Intel joins RISC-V International as a premium member, and I'm pondering about the implications

Lately I’ve been diving down the rabbit hole that is the world of RISC-V.

Today, I read this article on EETimes where it says:

Earlier this week, Intel announced it would join RISC-V International as a premier member. Intel Foundry Services (IFS) will embrace designs built on multiple ISAs in order to compete with foundry giants Taiwan Semiconductor Manufacturing Co. and Samsung. Intel claims to be the only foundry offering IP optimized for x86, Arm and RISC-V.

And further down the article:

Intel’s embrace of RISC-V means developing an ecosystem of its own. To that end, Intel is partnering with key RISC-V players, including CPU designer SiFive, AI accelerator chip company Esperanto, embedded CPU designer Andes Technology and data center CPU designer Ventana Microsystems.

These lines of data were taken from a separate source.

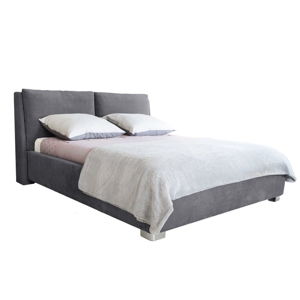 Šedá dvoulůžková postel Mazzini Beds Vicky, 160 x 200 cm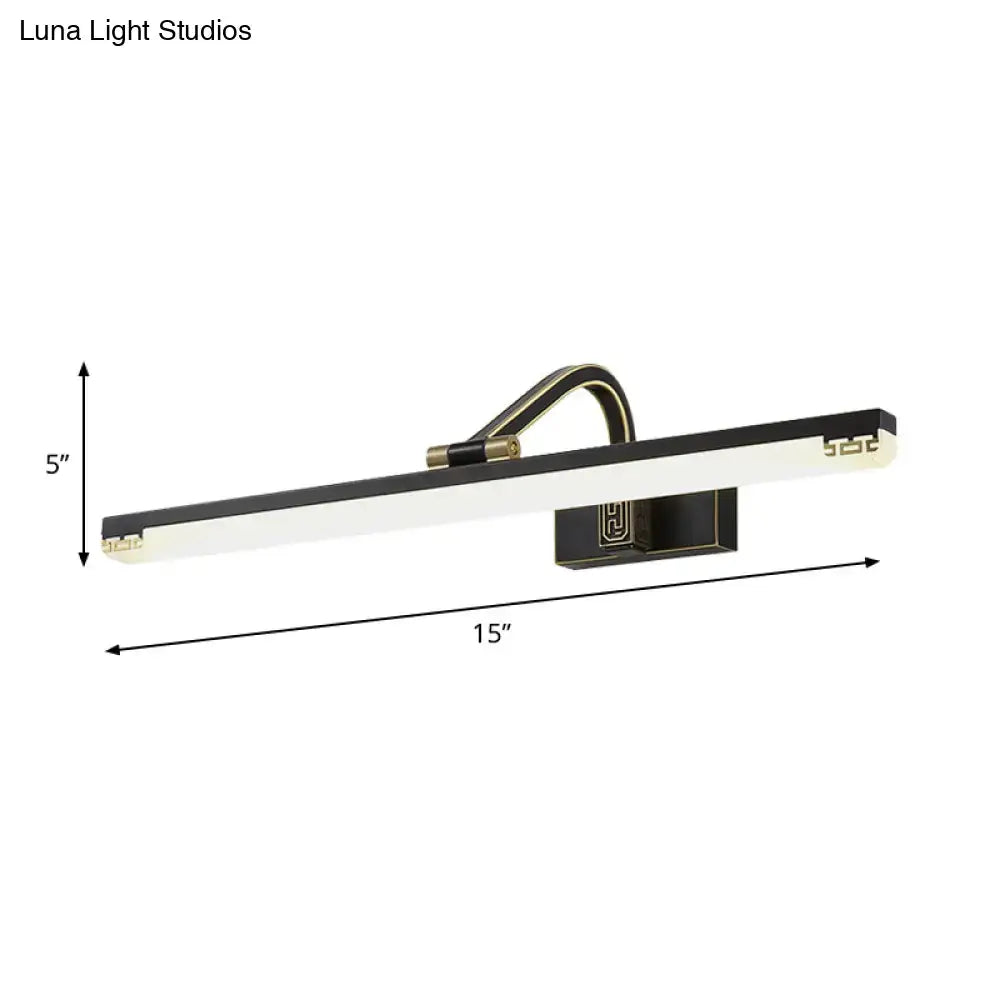 Modern black and gold greek key swing arm wall lamp with sleek rectangular led vanity light and ornate patterns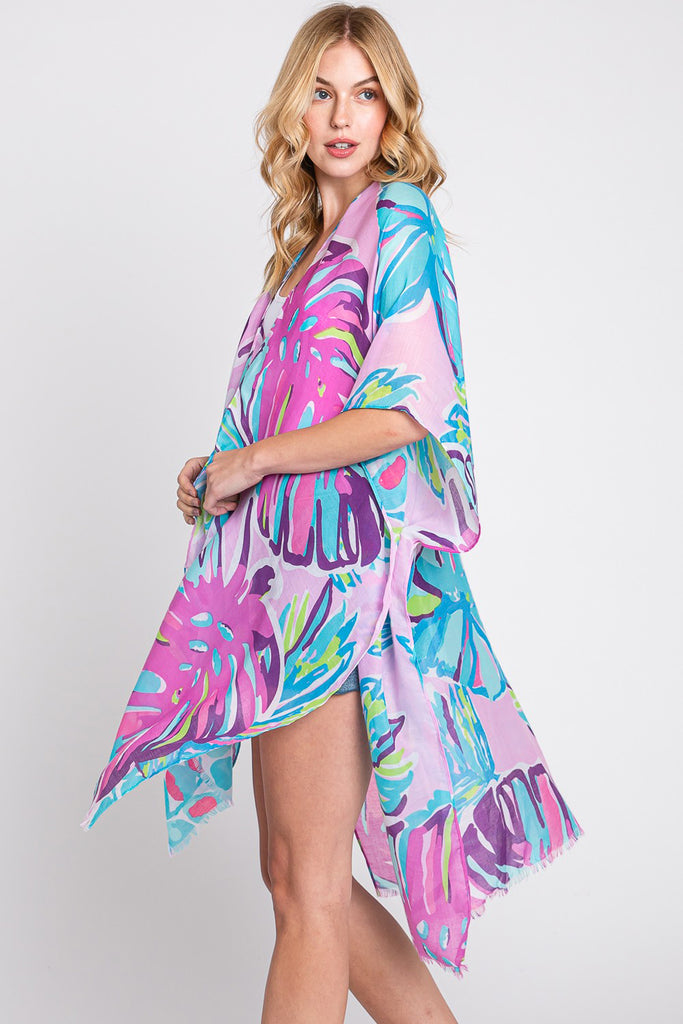 HAND DRAWN TROPICAL LEAVES KIMONO
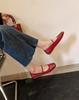Fashion Retro Style Square Toe Women's Mary Jane Shoes Elegant Shallow Dress Flats Leather Footwear for Ladies 2025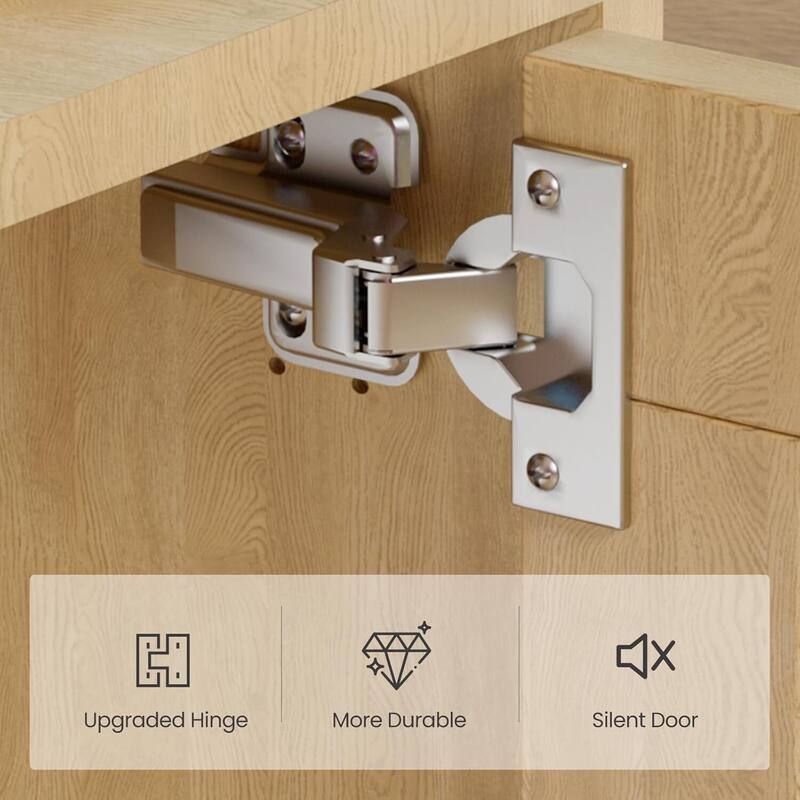 4-Tier Wooden Bookcase with Rattan Doors for Living Room, Home Office - N/A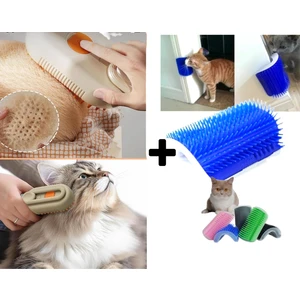 Buharlı Kedi & Köpek Yıkama Fırçası Tarağı Yumuşak Silikon Fırça Kaşınma Aparatı (2 Li Bakım)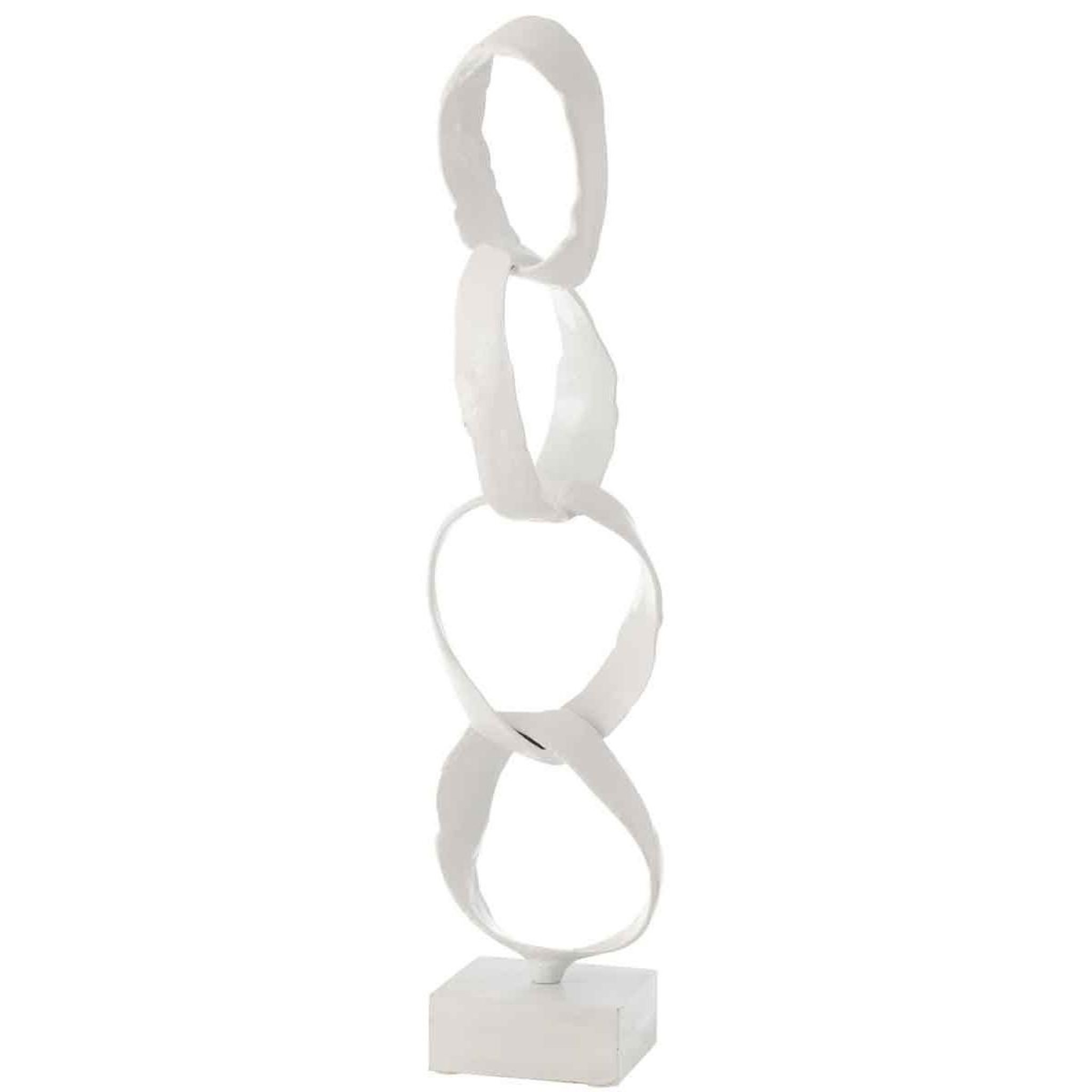 J-LINE Anneaux déco sur pied  jarvis  56cm blanc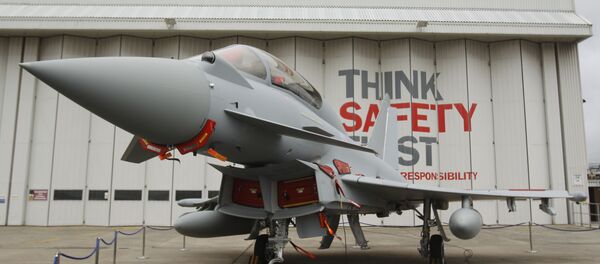 This is a Sept. 7, 2012 file photo of a Eurofighter Typhoon at BAE Systems, Warton Aerodrome, near Warton northwest England This is a Sept. 7, 2012 file photo of a Eurofighter Typhoon at BAE Systems, Warton Aerodrome, near Warton northwest England - Sputnik International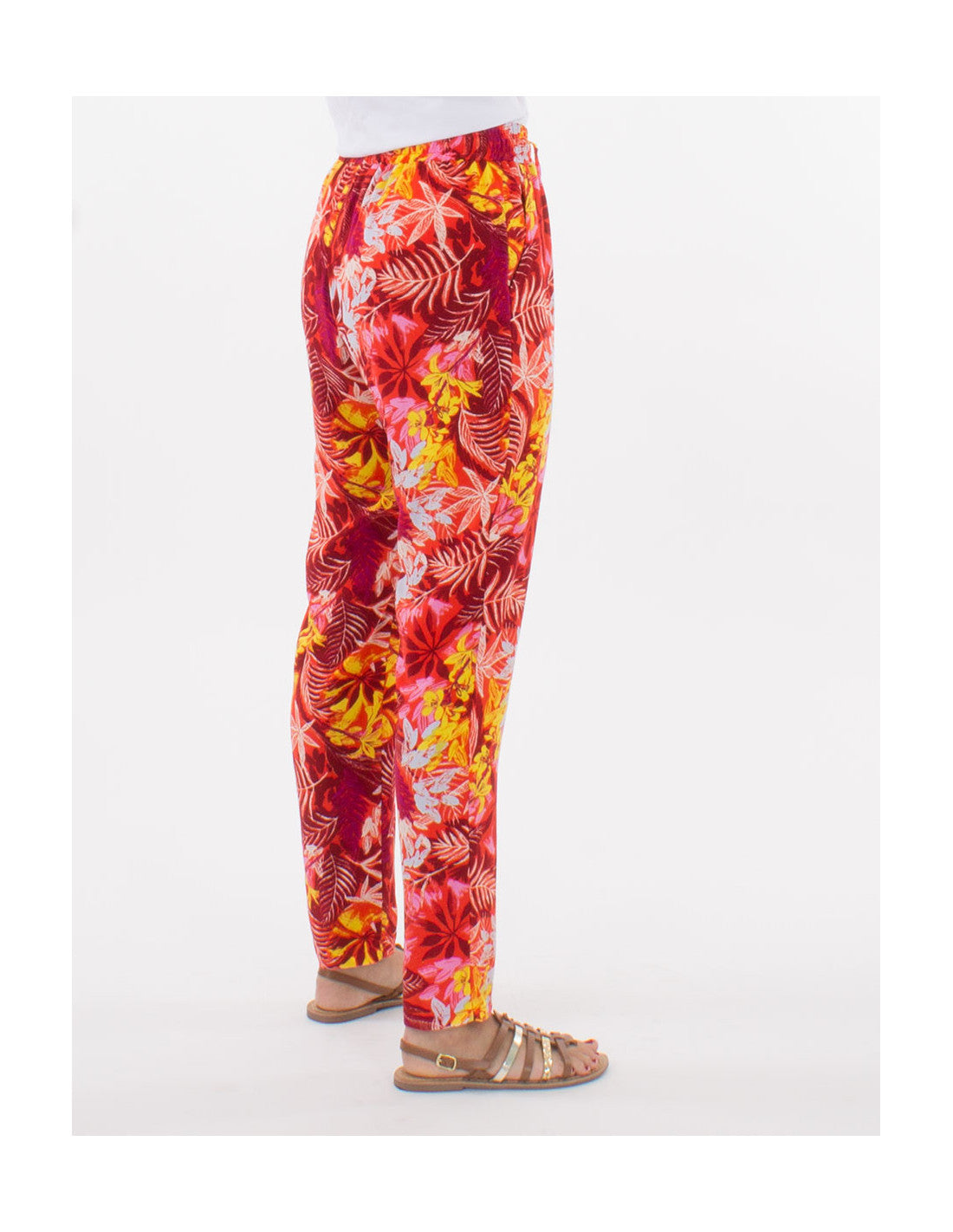 Pantalon fluide imprimé original fleurs Coline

The partners will work with Intel to optimize their designs for Intel’s process technologies.

In an ideal world this would be a real boost for the production of consumer-grade RISC-V CPUs. However, the cynic in me ponders if Intel chiefly wants to maximize profits on x86 architecture for as long as possible and possibly to the extent that it would somehow hamper or derail RISC-V development (thinking embrace, extend, extinguish).

I’m curious what y’alls take on this is? :slight_smile:

I think they just want to sell fab capacity to them.

I dont think they’re on to some MS style EEE, at least not yet. If they sell shit tier chips to the designers, they lose face in that by looking weak and afraid. They could be just playing it safe, just in case Apple and their M1/M2 style architecture becomes the future and they might need something that isnt x86 and ARM to fall back on. Besides, the real future is Quantum compute and I dont think ARM or RISC-V has a response for those yet.